___ Data to use

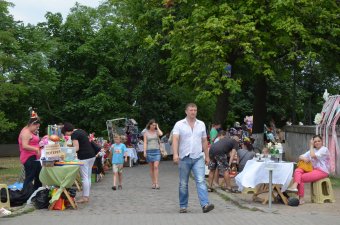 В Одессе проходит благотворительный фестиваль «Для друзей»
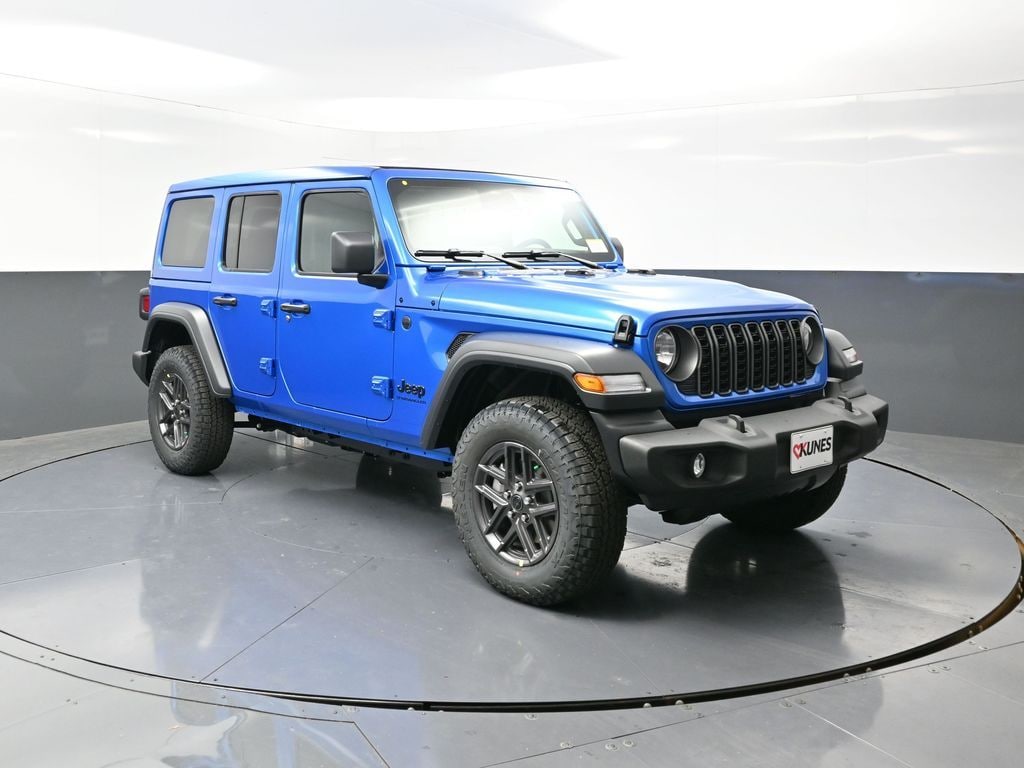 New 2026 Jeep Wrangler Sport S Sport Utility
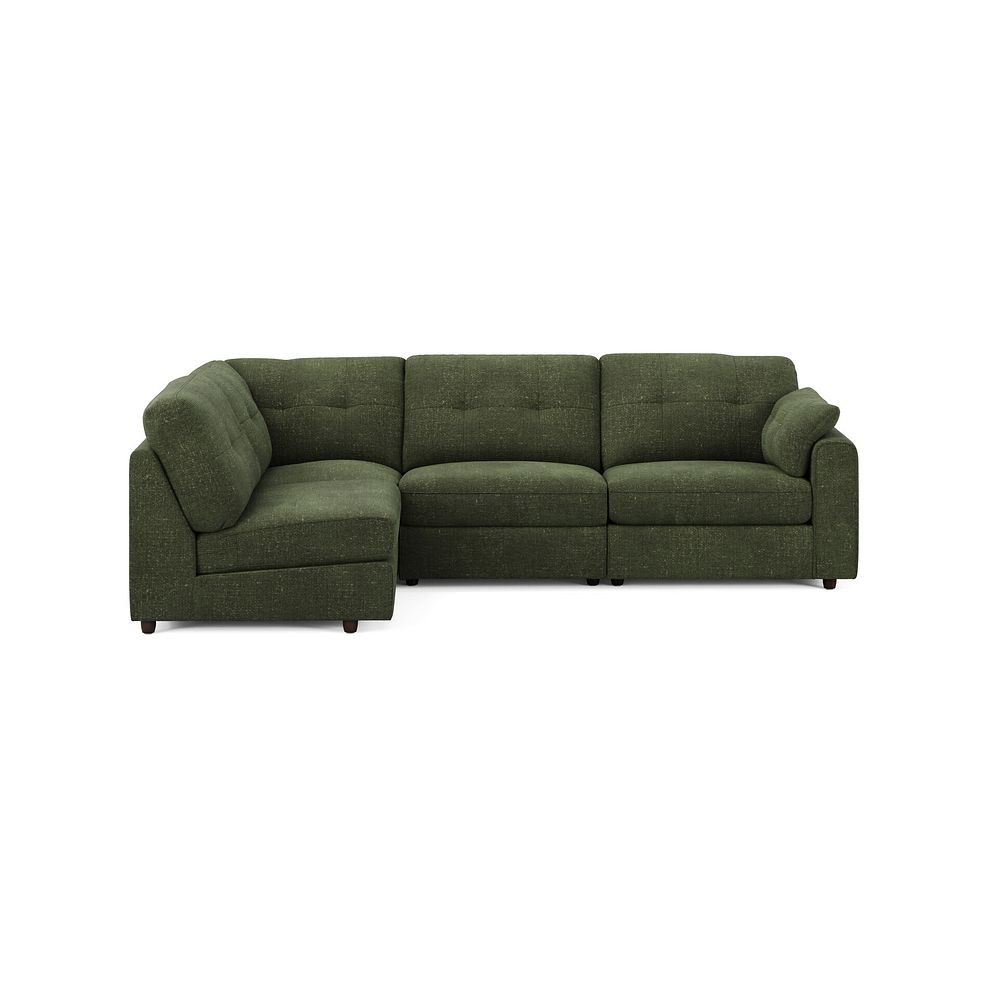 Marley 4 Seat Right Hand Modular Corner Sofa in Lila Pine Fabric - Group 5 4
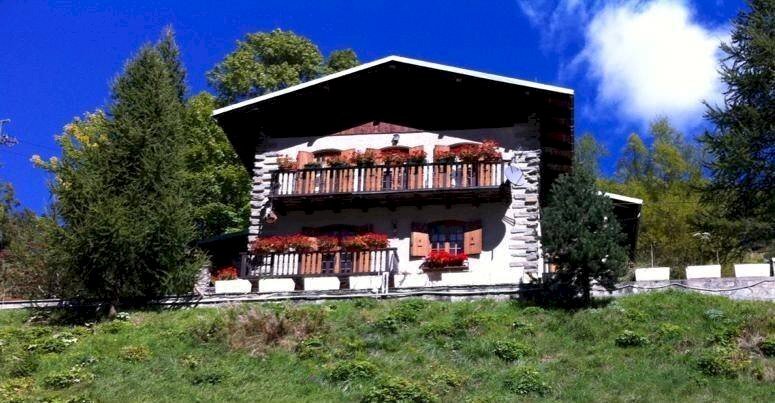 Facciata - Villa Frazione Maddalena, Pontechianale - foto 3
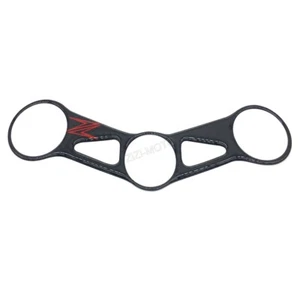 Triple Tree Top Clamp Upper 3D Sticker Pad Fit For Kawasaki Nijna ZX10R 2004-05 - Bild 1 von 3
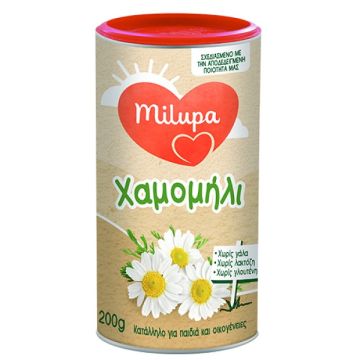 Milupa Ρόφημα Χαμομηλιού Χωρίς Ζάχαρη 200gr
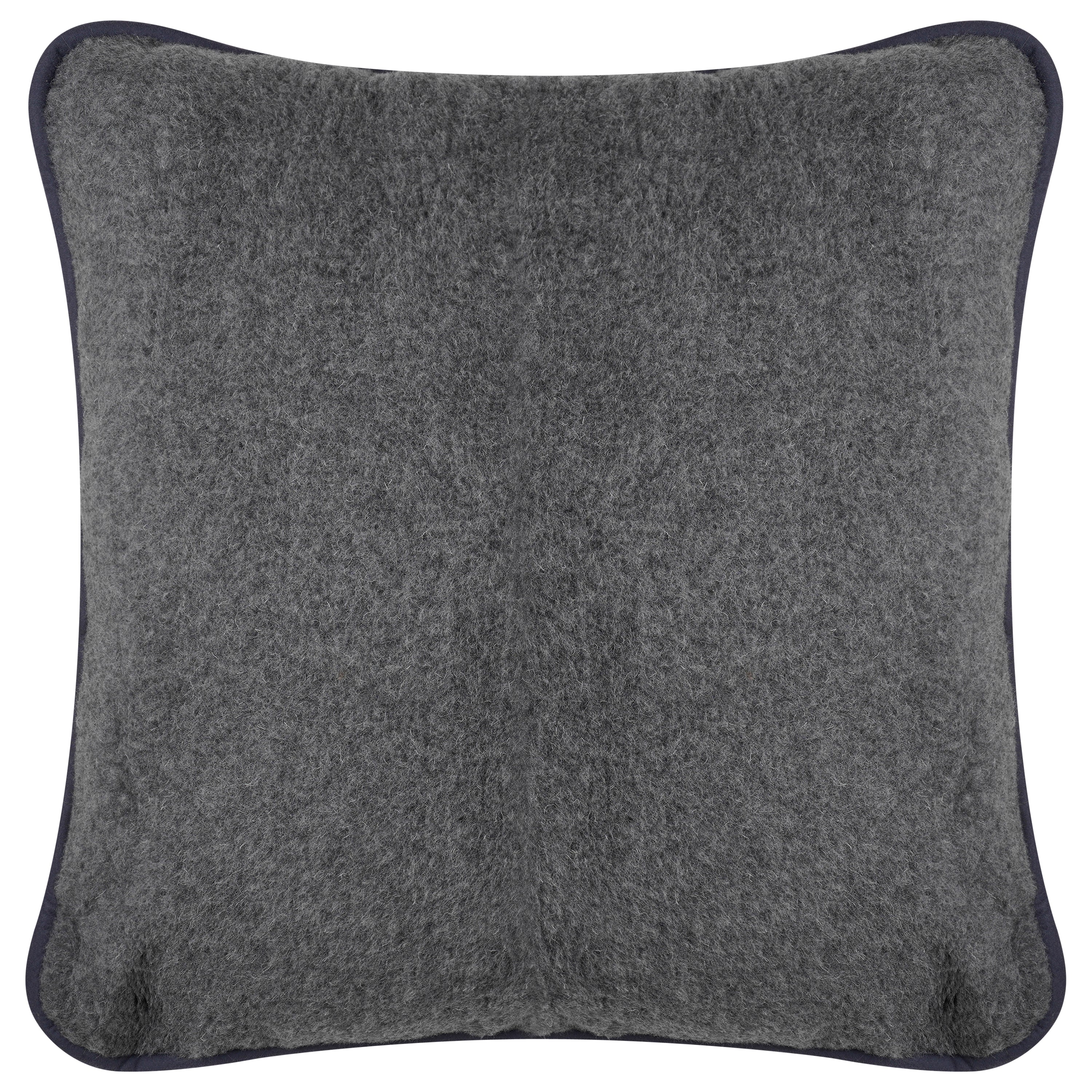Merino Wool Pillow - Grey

______

• [Your assignment]
Reproduce the data above without a single change, please, but without its pictures.

• [Response]
 В Одессе проходит благотворительный фестиваль «Для друзей»
 New 2026 Jeep Wrangler Sport S Sport Utility
 Marley 4 Seat Right Hand Modular Corner Sofa in Lila Pine Fabric - Group 5 4
 Facciata - Villa Frazione Maddalena, Pontechianale - foto 3
 Triple Tree Top Clamp Upper 3D Sticker Pad Fit For Kawasaki Nijna ZX10R 2004-05 - Bild 1 von 3
 Milupa Ρόφημα Χαμομηλιού Χωρίς Ζάχαρη 200gr
Merino Wool Pillow - Grey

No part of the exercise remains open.